You can see why Granada was a favorite sacking locale for centuries of marauding pirates.

But I digress! We spent our water day at Laguna de Apoyo, a blessedly warm and quiescent lake in the crater of a volcano. Many disaster response training sessions focus on swift water rescue, which adds layers upon layers of difficulty when you are dealing with the mechanics of walls of water moving at different rates down a riverbed. Before you get there, you need to know the basics, such as how to put on a life jacket. You’d be surprised at what a complex piece of equipment a professional quality life preserver is. It’s like strapping into an extremely padded corset.

“Double check everything,” stressed our instructor Kim. “Make someone else check it. ALWAYS. SAFETY FIRST.” And I agreed, so I did just that, the first time.

By the third time I took the jacket off and on, sharing it with another participant, I was confident in my buckling abilities so I bypassed the check mechanism in order to get to the good stuff. Like how to throw a rescue rope.

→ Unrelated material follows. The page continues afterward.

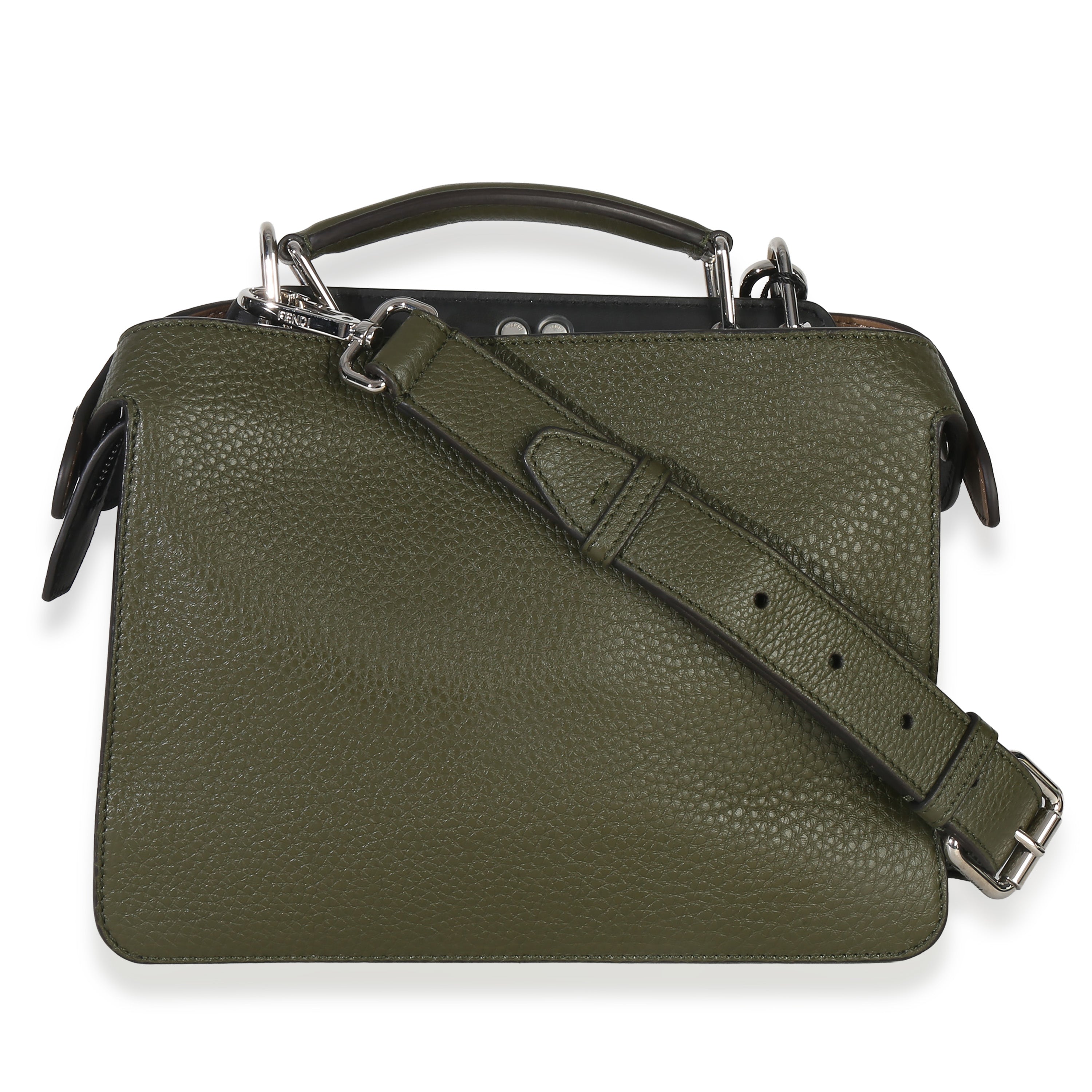 Olive Calfskin Leather Mini Peekaboo ISeeU Bag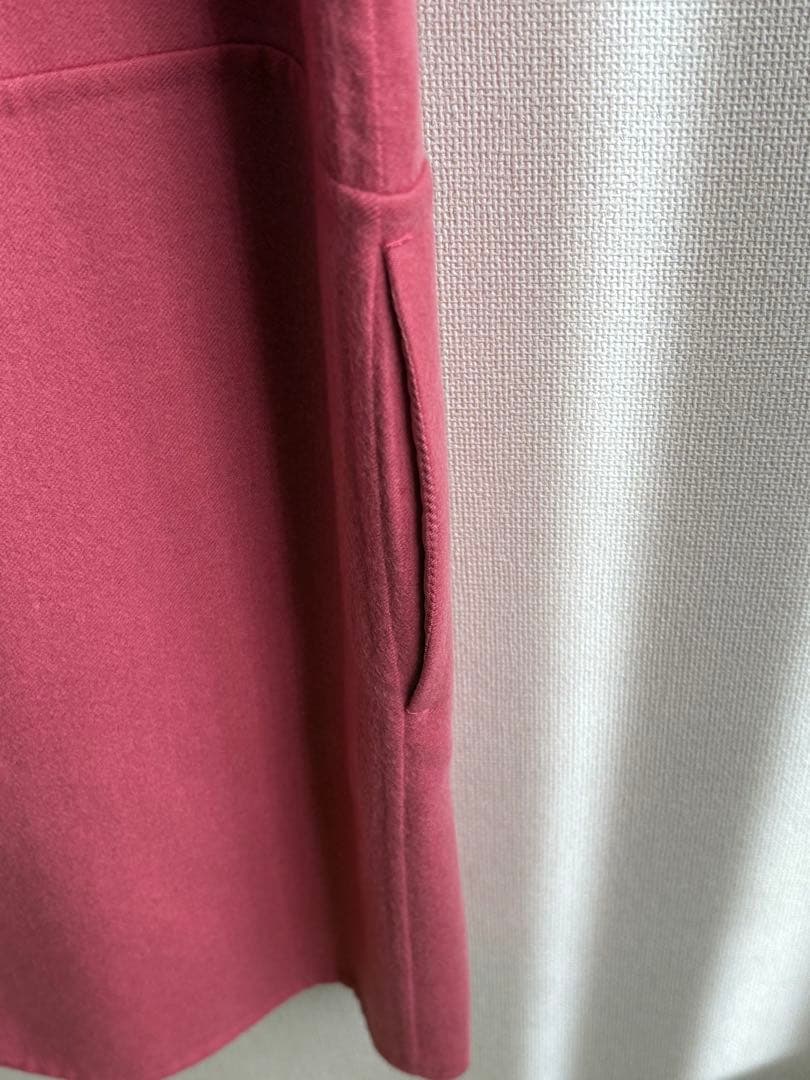 Loropianaロロピアーナピンク 七分袖 ボタン付き ワンピース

You can throw it overhand, underhand, or sidearm, depending on your strength and accuracy. We were lobbing those ropes like pros in no time.

Having satisfied himself that we weren’t going to strangle ourselves accidentally, Kim divided us into teams. While one team got on a boat to practice rescuing a pet from the boat, the remaining group would stay on shore and take turns being a victim, throwing the rope, and swimming out to the victim to swim him or her back in. The person doing the swimming would do it both unassisted (you’re on your own) and assisted (meaning you are attached by a rope to someone on shore, who pulls you back in.)

First, I swam out to my victim and pulled her back in. Being a kind person she decided not to feign being panicked, hitting me, or trying to crawl on my back, which I guess isn’t that uncommon. We made it back in safely.

Next, I hooked the rope up to the carabiner on the back of my vest, and we re-set the stage for me to have an assisted rescue.

I reached my victim.

I waited for the reassuring pull of the rope.

“Man, they’re lagging,” I said. We floated about for a minute or two. I heard yelling.

“WHAT?” I said to the people on shore.

“This is the part where you both die,” they said. It was at this time I noticed the carabiner, with rope still attached, floating about 20 feet away, nowhere near me or my life vest. Again, good thing we were in a lake, right? As you can see, it was fortunate we were a) in 5 feet of still water and b) within rowing distance of Team B, had this been an actual emergency.

I swam sheepishly into shore on my own power, wondering what sort of defective piece of equipment I had been handed.

And of course, when I got to shore and assessed the breakdown, it turns out my dumb self had neglected to insert Tab A into Slot B on the waist belt buckle, meaning as soon as there was any tension, it popped right open, pulling the threaded carabiner with it.

There are routines you do because you’re trained to do them- counting sponges after surgery, for example, or double checking stumps for hemostasis before closure. Or in this case, make someone check all 15 buckles on your life preserver, every time. Because it’s not about making sure your chest is comfortably contained- it’s the difference between getting pulled to shore and screaming in frustration as you and your victim swirl off the waterfall downstream. Which is the stuff of my nightmares. Actually it should more appropriately be the stuff of anyone else’s nightmares, should they find themselves drowning and see me headed in to save them.

Lesson: learned. Don’t worry. It won’t happen again.

Filed: Be The Change, Blog, Disaster Response Tagged: , , ,
  • So, if we’re ever out swimming with you we should bring our own noodles? 😉

  • Wow that’s quite the serious lesson! I guess those safety procedures are in place for a reason.

  • janejane

    When I was 12 and weighed about 80 pounds, I took senior lifesaving through the Red Cross. I was a good swimmer and knew how to rescue a panicked swimmer. I was fearless on test day. My “victim”was a 16 year old boy who took his role seriously. I was totally overwhelmed by his “desperation”. At the time I thought he was mean and I think I even cried. But I learned a valuable lesson.There is no room for complacence or cockiness in water rescues. The rescuer can become a victim very quickly!